According to Eric Denece, Director of CF2R, the French Intel would be a mirage.
There is a very interesting comparison between french,US, Uk and German Intel economic resources

http://www.cf2r.org/images/stories/eric_denece/les-moyens-insuffisants-du-renseignement-francais.pdf  (PDF In french language)

http://www.cf2r.org/fr/editorial-er...ns-insuffisants-du-renseignement-francais.php (html french language to translate with google chrome)


----------



## policemedic (Jun 12, 2011)

Le titre dit tout.


----------



## QC (Jun 12, 2011)

IMO France is a different beast. The 9/11 men assembled in Germany and attacked the US. The UK and the US have had
Problems with home grown terrorists and have been targeted as we all know. France has specific anti-terrorism magistrates and have been well aware of home grown threats for years. They deal with them mercilessly.
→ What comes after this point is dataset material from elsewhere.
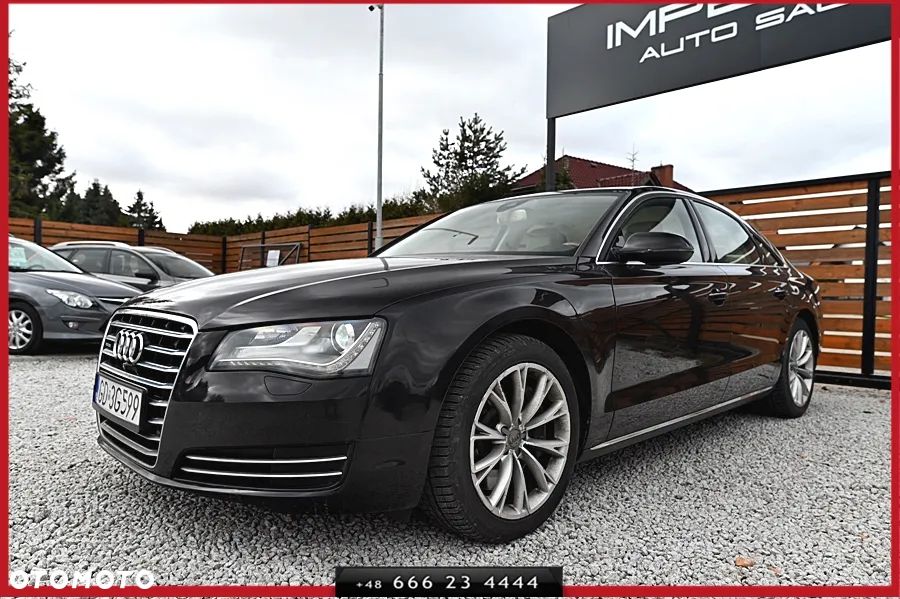 Audi A8 - 4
For me it's apples and oranges.


----------



## mike_cos (Jun 12, 2011)

QC said:


> France has specific anti-terrorism magistrates


oh yes... they work very fine, look Cesare Battisti.... who had taken refuge in france for years...


----------



## SpitfireV (Jun 13, 2011)

That's got nothing to do with the magistrates and everything to do with the Mitterrand Doctrine.


----------



## mike_cos (Jun 13, 2011)

SpitfireV said:


> That's got nothing to do with the magistrates and everything to do with the Mitterrand Doctrine.
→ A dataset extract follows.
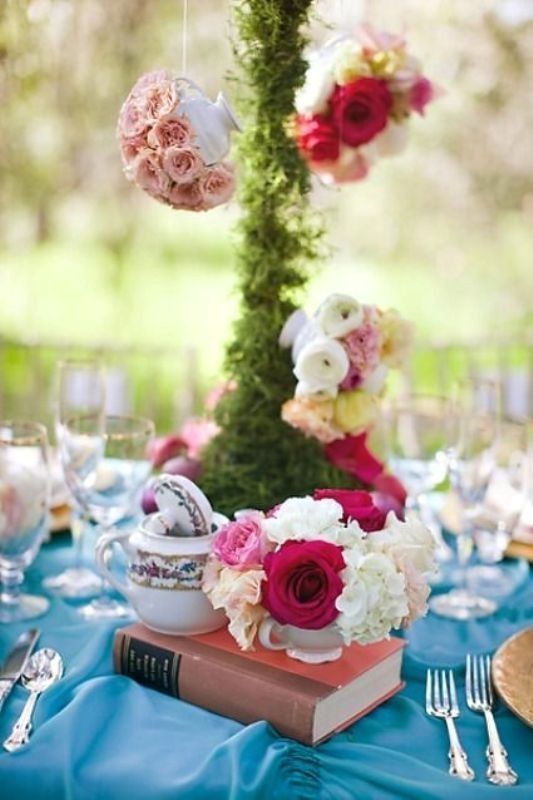 79+ Insanely Stunning Wedding Centerpiece Ideas 137 tall wedding centerpieces 12 79+ Insanely Stunning Wedding Centerpiece Ideas - 137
You are absolutely right... but I'm a little bit angry...


----------



## QC (Jun 13, 2011)

The issue us how much is spent by those countries on measures. The document shows that internal recruitment for MI5 far outstrips recruitment for MI6, if I'm reading it correctly. The French see no need as they have what they would consider adequate in place already. IMO they're not being Gallic knob jockeys just practical.


----------